What explains the decline? The short answer is money. When the housing market crashed, cash-strapped states and cities were forced to take a hard look at their budgets. A lot of them realized they were spending insane amounts of money keeping nonviolent offenders in cages, so many increased funding for diversion programs like drug court and veterans court. Some states have also begun reducing penalties for parole and probation violations, which make up 75 percent of prison admissions in Texas, and cost Florida $100 million a year. 

But these policy changes don't amount to opening the gates, as demonstrated by the chart below: 

GAO

And none of those policies address head-on the single biggest growth driver for prison populations in the country: Draconian drug policies. In Wisconsin, for instance, the state's prison population has tripled since 1990, and 80 percent of that growth came from drug and alcohol convictions. Florida's prison population has quadrupled since 1984. According to Florida TaxWatch, the state spent $300 million in 2011 incarcerating drug offenders. 

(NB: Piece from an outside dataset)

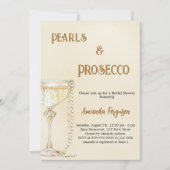 パールスプロセッコ金ゴールドブライダルシャワー 招待状 (正面)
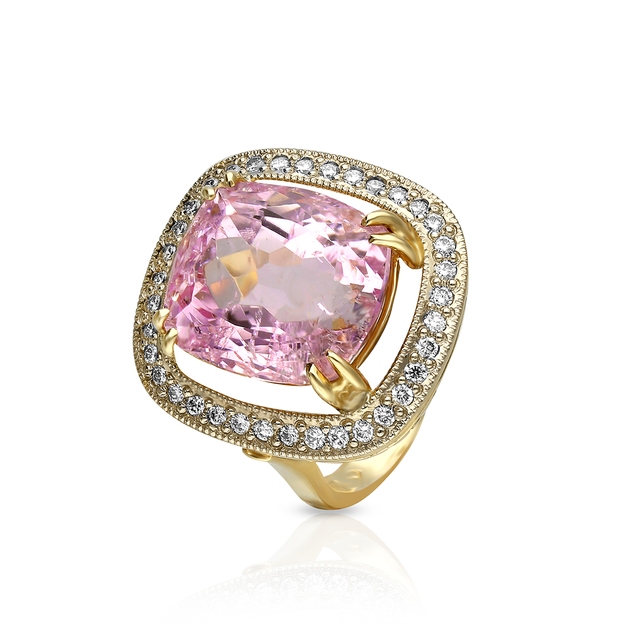 Pierścionek złoty z kunzytem i brylantami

To the extent that you can quickly reduce a state's prison population, it's by lessening penalties for drug-related and victimless crimes. That's why the decline is happening at the state level, and not the federal level, where diversion is not an option, sentencing is less flexible, and early release is rare. In fact, the federal prison population is actually growing. In 2006, the federal corrections system oversaw 176,824 offenders. In 2011, it oversaw 214,000 offenders. You can see that growth in this chart: 

GAO

According to a recent GAO report on the Bureau of Prisons, which we wrote up here, the agency expects the federal prison population to grow every year for at least the next decade. But it doesn't have to. Drug offenders make up more than half of the federal prison population, and the next highest offender population is people who have violated immigration laws. These people don't need to be behind bars, and it's strange to think that fewer of them would be if the federal government were unable to spend money it doesn't have.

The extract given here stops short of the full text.